Ммда... “Бунтуют-то не голодные, бунтуют приголоженные”... Этот странный афоризм Солженицына поневоле вспоминаешь, покуда продираешься сквозь триллеробред, бредотриллер Гарроса-Евдокимова. Когда-то Гейне — самый умный поэт всех времен и народов — великолепно сформулировал: “Коммунизм — непобедим, покуда есть в мире — голод и зависть”. Собственно, о том и написана “(голово) ломка”. Больше того — тем она и написана. Не голодом, разумеется, а завистью. Жгучей, ломящей виски — завистью. Особой “голово” ломки в романе у Гарроса-Евдокимова — нет. Нет и той специфической “ломки”, на которую неоднократно намекает автор. Нет, нет, для наркотического безумия все в его тексте уж очень социологично и рассудочно. Эмоциональная “ломка” — вот что наличествует в тексте Евдокимова-Гарроса со всею возможной убедительностью. Основная, осевая, позвоночная тема книги — зависть слуг к своим хозяевам; ненависть не пролетариата, не люмпен-пролетариата, но обслуживающего персонала к тем, кого приходится обслуживать. Ненависть эта обоюдоостра, поскольку обращена не только на того, кто наверху, но и на того, кто внизу. Главный герой ненавидит не только хозяина банка, в котором служит, но и охранника, который может не пропустить его, бедолагу, если ксиву забудет; пролетария, глушащего дешевое пиво; хулигана, могущего ударить, унизить, обидеть. Главный герой состоит из ненависти и зависти. Очень интересный, надо признать, тип. Смердяков — для тех, кто понимает.

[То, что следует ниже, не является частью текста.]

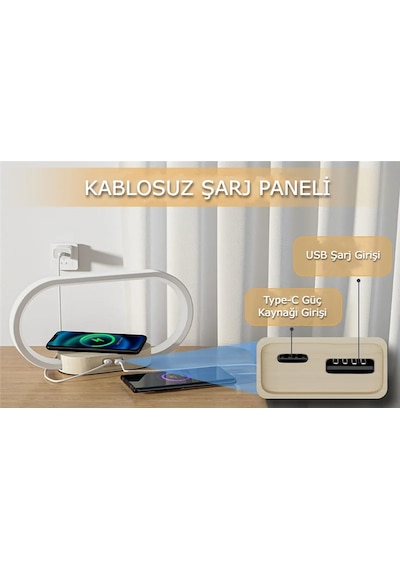 Dailytech Ahşap Kablosuz Şarj Paneli Led Işıkılı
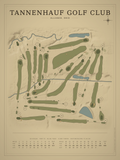 Tannenhauf Golf Club course map poster, Vintage style, 12×16 / 18×24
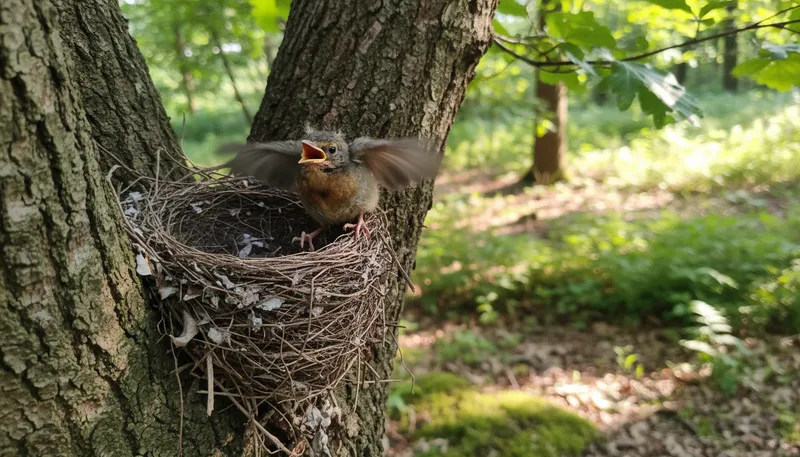Illustration of fledgling: A young bird just learning to fly.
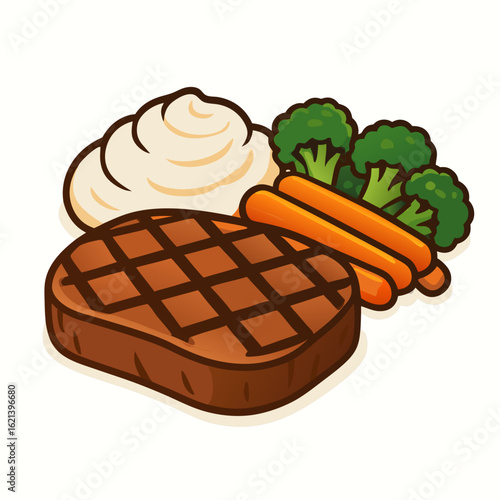 Steak with grilled pattern served with mashed potatoes broccoli and carrot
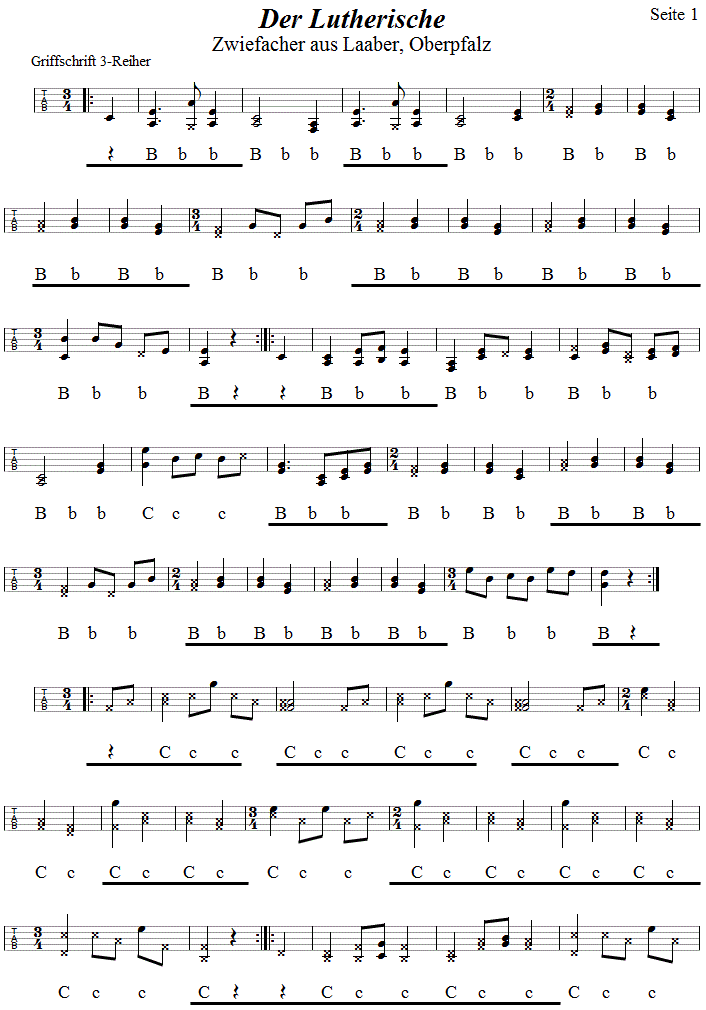 Der Lutherische, Zwiefacher in Griffschrift fr Steirische Harmonika, Seite 1. 
Bitte klicken, um die Melodie zu hren.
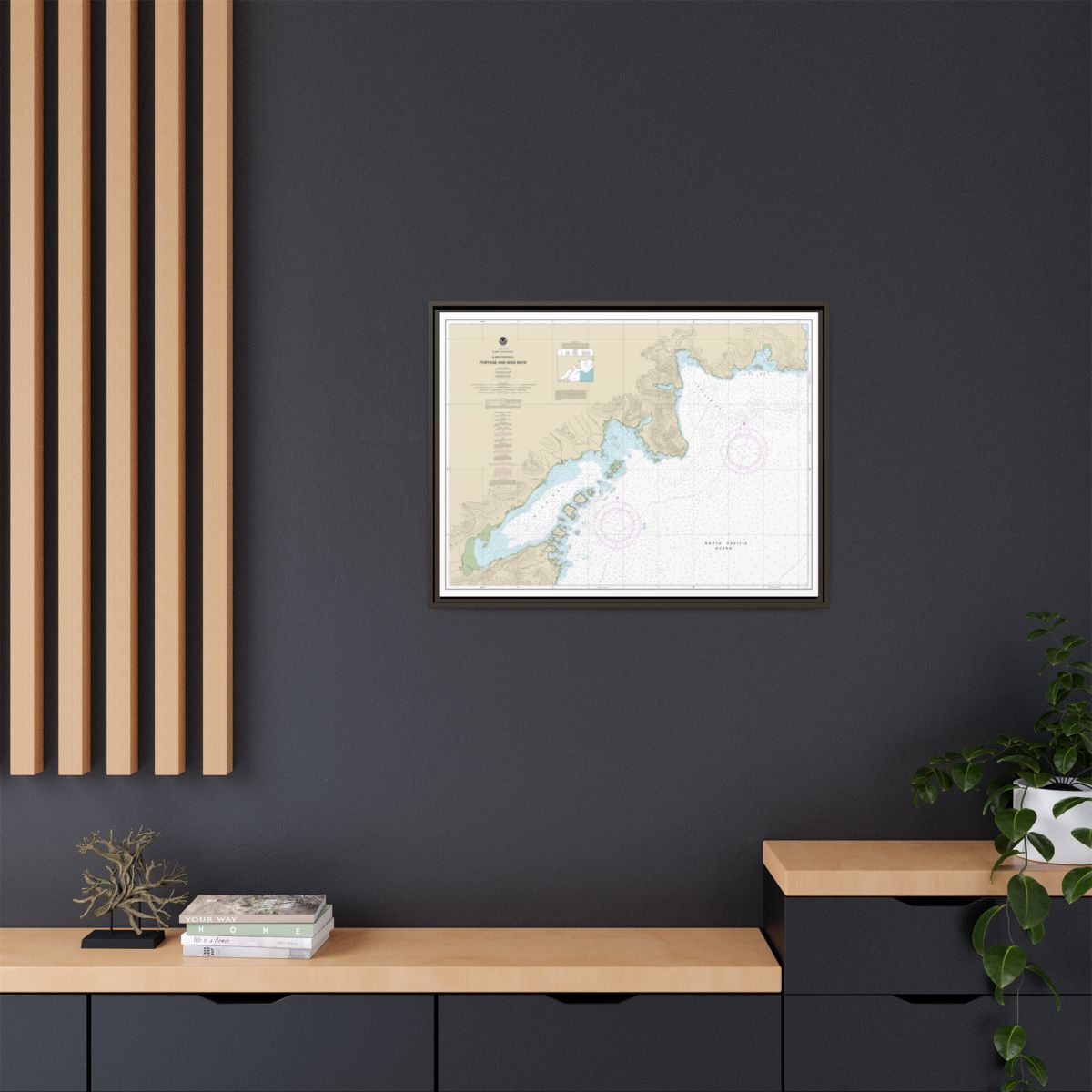 Chart 16570 Portage and Wide Bays, Alaska Pen. - NOAA Nautical Chart Floating Frame Canvas | 32" x 24" | 40" x 30" - Espresso context-2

С детства меня занимал этот феномен: ненависть приказчика к своему хозяину; официантки — к клиенту; гладиатора — к зрителям, “диким, с мест кричащим: “Бей! Коли!”. Гладиатору — гладиаторово, но мне-то всегда казалось, что между общепитовским хамством и героическим восстанием Спартака есть нечто общее. Гладиатор и официантка видят, как живут те, кого они обслуживают. Рабы на плантациях такой возможности лишены. Зато обслуживающий персонал — обслуживает ли он с риском для своей жизни или нет — в полной мере наделен этой мучительной возможностью видеть, что те, кто живет лучше тебя, — такие же, как и ты... Это — гнетет душу, сушит мозг и жжет сердце.

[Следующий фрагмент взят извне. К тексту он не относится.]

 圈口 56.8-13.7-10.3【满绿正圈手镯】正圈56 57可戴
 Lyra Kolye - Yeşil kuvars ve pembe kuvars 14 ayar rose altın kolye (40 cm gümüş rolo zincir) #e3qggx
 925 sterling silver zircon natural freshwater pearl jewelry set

(Ах, Боже мой! Я же о “(голово) ломке” Гарроса-Евдокимова, а не о классовой борьбе в пору слегка припозднившегося, в очередной раз первоначального накопления капитала. Извините...)
Под трели триллера высвистывается тайное тайных слуги — мелодия страшноватой исповеди. Был интеллигентный, интеллектуальный мальчик на западной окраине уже разваливающейся империи (только кто ж про это знал, что она разваливается?), учился мальчик в учебном заведении для особо одаренных и к десятому классу научился “легко и в сжатые сроки выстроить на пустом месте по любому поводу высокоинтеллектуальную и абсолютно бессмысленную конструкцию из допущений, натяжек, повернутых под нестандартным углом стандартных клише, актуальных публицистических кумулятивных слоганов и удивительно уместных цитат из Брехта, Борхеса, Бродского, Бределя, Броделя, Беккета, Бодлера и Бодрийяра”. Словом, худший вариант дворянского образования. Человек подкован на все сто, чтобы интересно поговорить... с дамами и написать хорошее письмо; “потолковать о Ювенале, в конце письма поставить vale”; порассуждать за кружкой пива о Леониде Андрееве, но... это ведь не профессия, не job, так сказать, и даже не база для получения будущего job`а.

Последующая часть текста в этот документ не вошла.